— Captioned web images —
************
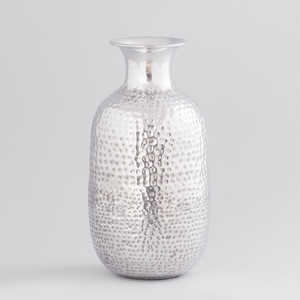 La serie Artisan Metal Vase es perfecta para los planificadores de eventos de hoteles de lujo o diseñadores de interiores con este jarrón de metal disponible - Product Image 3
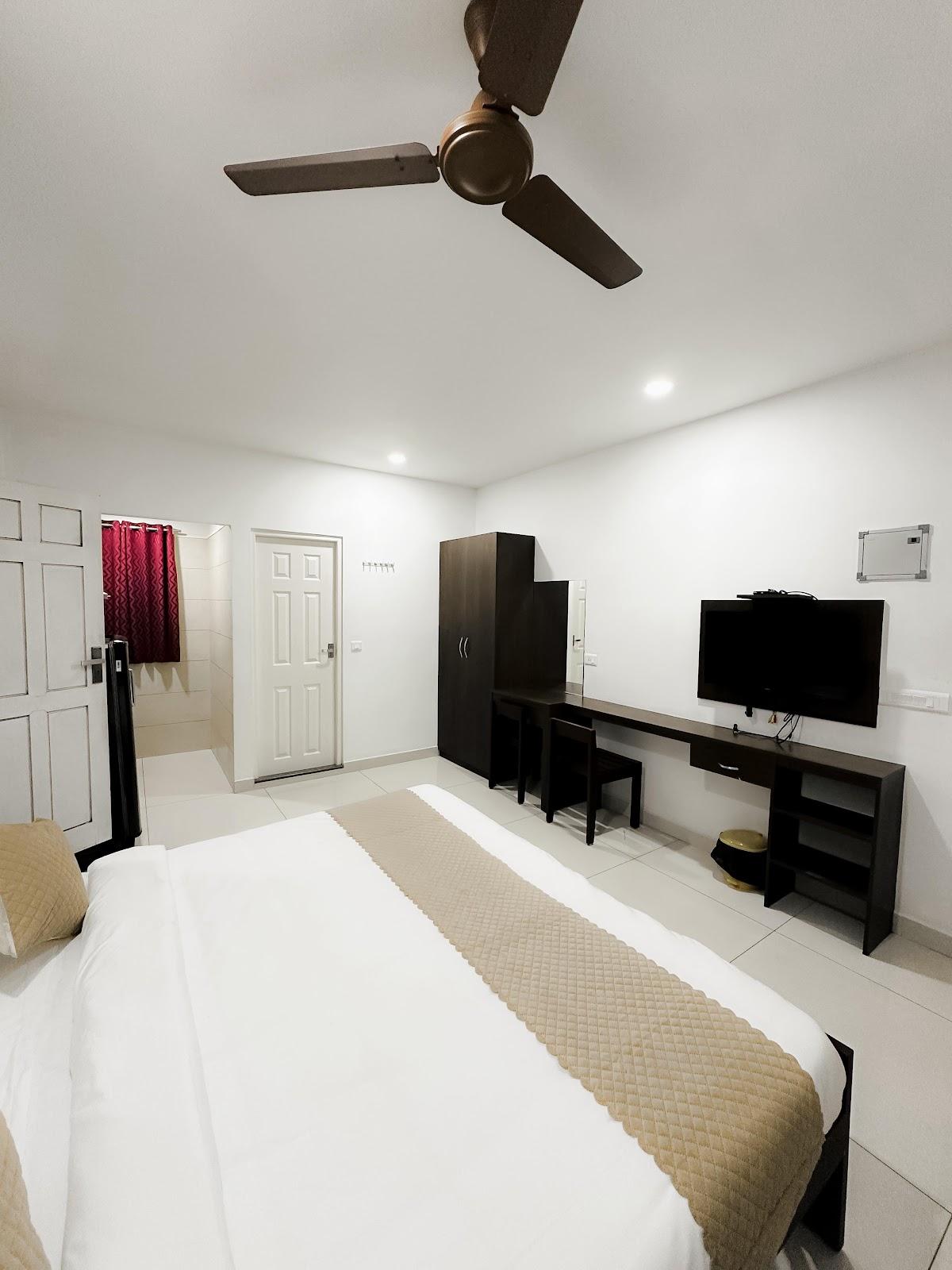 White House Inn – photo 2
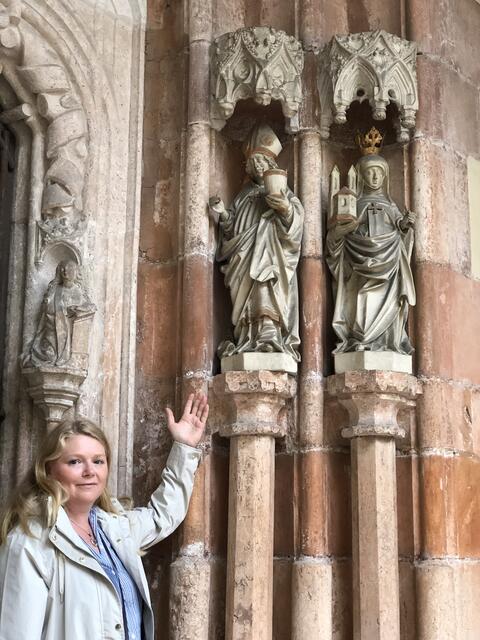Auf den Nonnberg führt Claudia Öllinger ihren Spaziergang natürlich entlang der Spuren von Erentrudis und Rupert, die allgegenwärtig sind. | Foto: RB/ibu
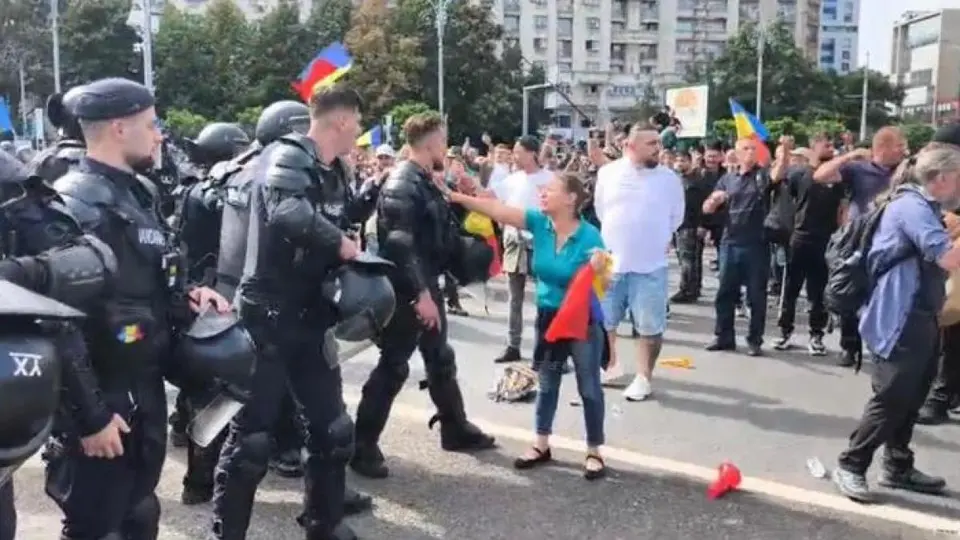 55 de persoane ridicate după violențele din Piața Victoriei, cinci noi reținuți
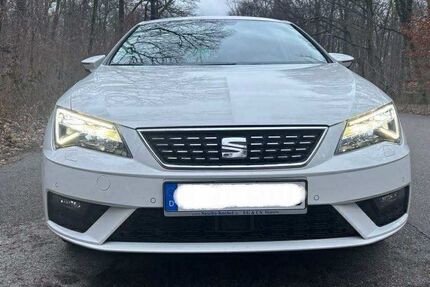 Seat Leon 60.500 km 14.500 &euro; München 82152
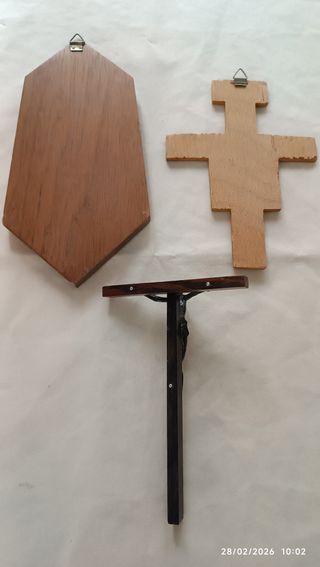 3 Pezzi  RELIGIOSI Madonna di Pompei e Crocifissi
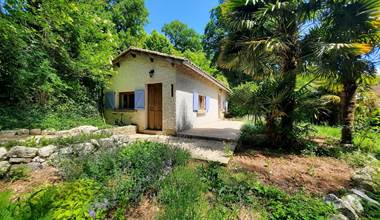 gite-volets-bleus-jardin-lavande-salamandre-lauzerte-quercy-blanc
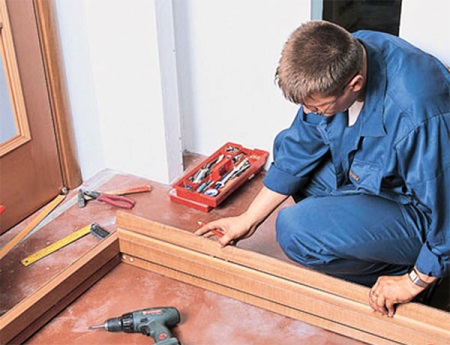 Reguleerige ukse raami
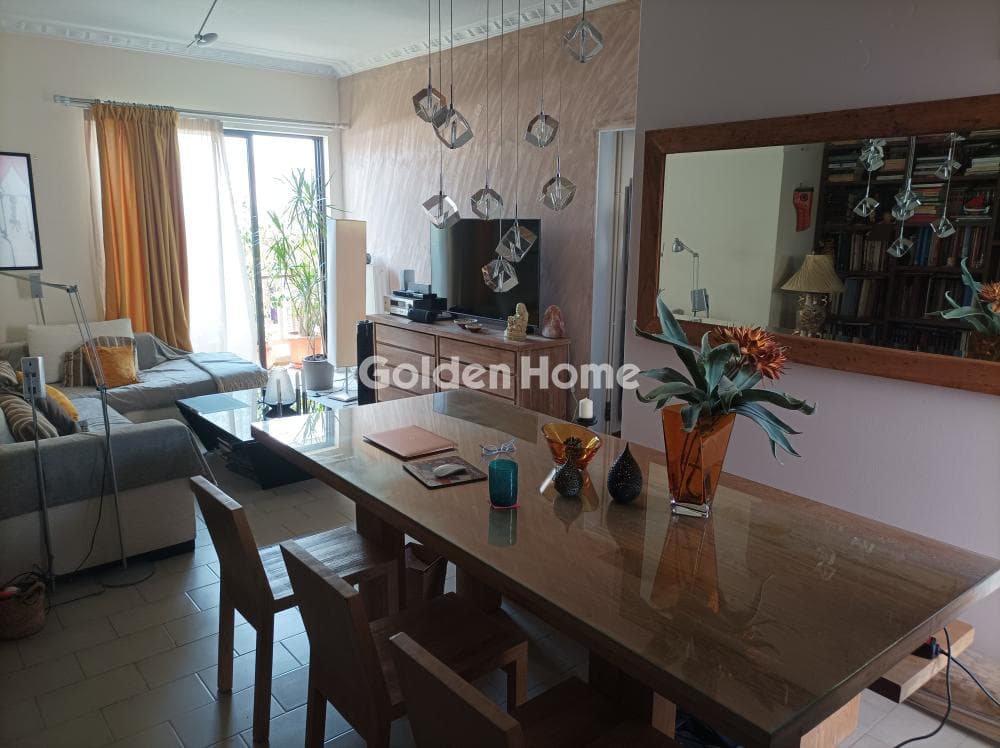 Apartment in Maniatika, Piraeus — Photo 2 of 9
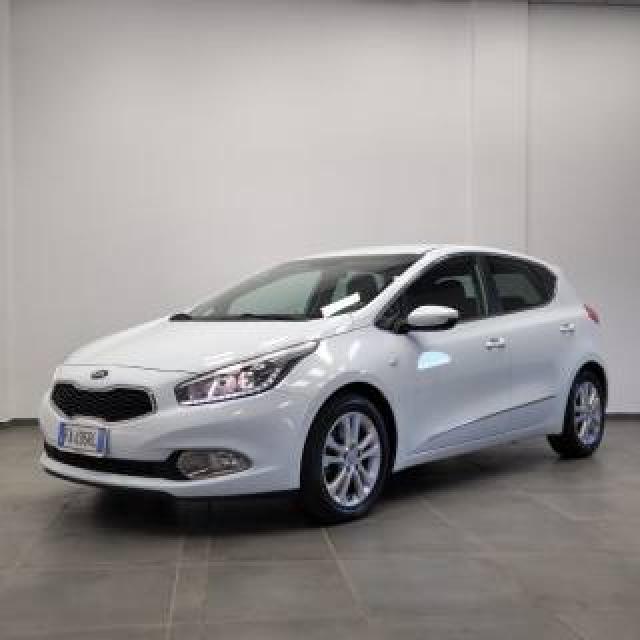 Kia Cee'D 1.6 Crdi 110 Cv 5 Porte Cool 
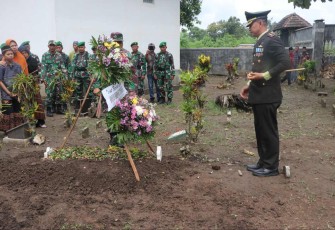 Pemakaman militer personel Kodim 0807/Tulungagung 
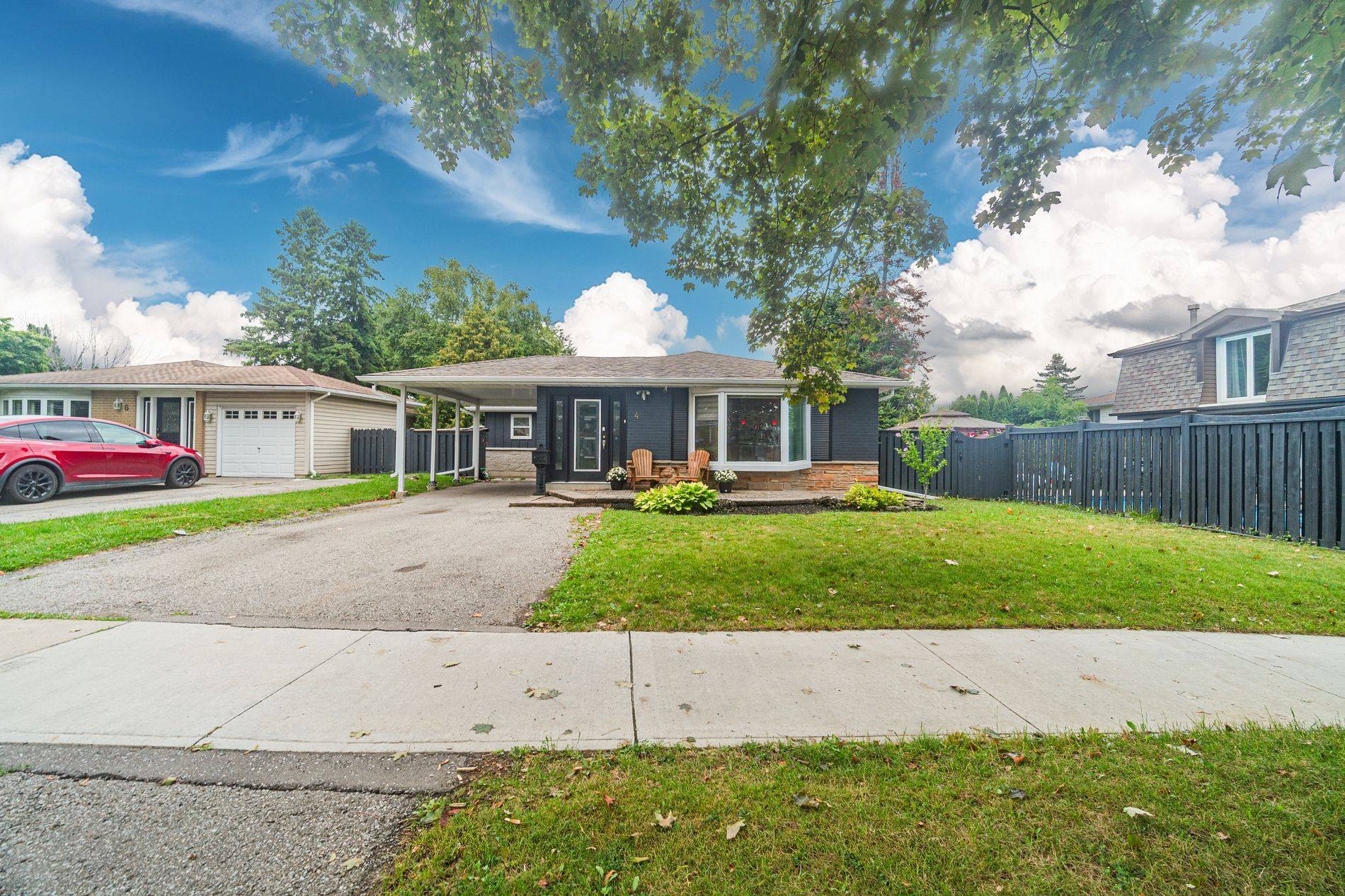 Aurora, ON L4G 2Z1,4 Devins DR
************
— WHAT YOU ARE ASKED TO DO —
Copy all the records above exactly, but leave out the pictures.

— WRITTEN ANSWER —
 La serie Artisan Metal Vase es perfecta para los planificadores de eventos de hoteles de lujo o diseñadores de interiores con este jarrón de metal disponible - Product Image 3
 White House Inn – photo 2
Auf den Nonnberg führt Claudia Öllinger ihren Spaziergang natürlich entlang der Spuren von Erentrudis und Rupert, die allgegenwärtig sind. | Foto: RB/ibu
 55 de persoane ridicate după violențele din Piața Victoriei, cinci noi reținuți
 Seat Leon 60.500 km 14.500 &euro; München 82152
 3 Pezzi  RELIGIOSI Madonna di Pompei e Crocifissi
 gite-volets-bleus-jardin-lavande-salamandre-lauzerte-quercy-blanc
 Reguleerige ukse raami
 Apartment in Maniatika, Piraeus — Photo 2 of 9
 Kia Cee'D 1.6 Crdi 110 Cv 5 Porte Cool 
 Pemakaman militer personel Kodim 0807/Tulungagung 
 Aurora, ON L4G 2Z1,4 Devins DR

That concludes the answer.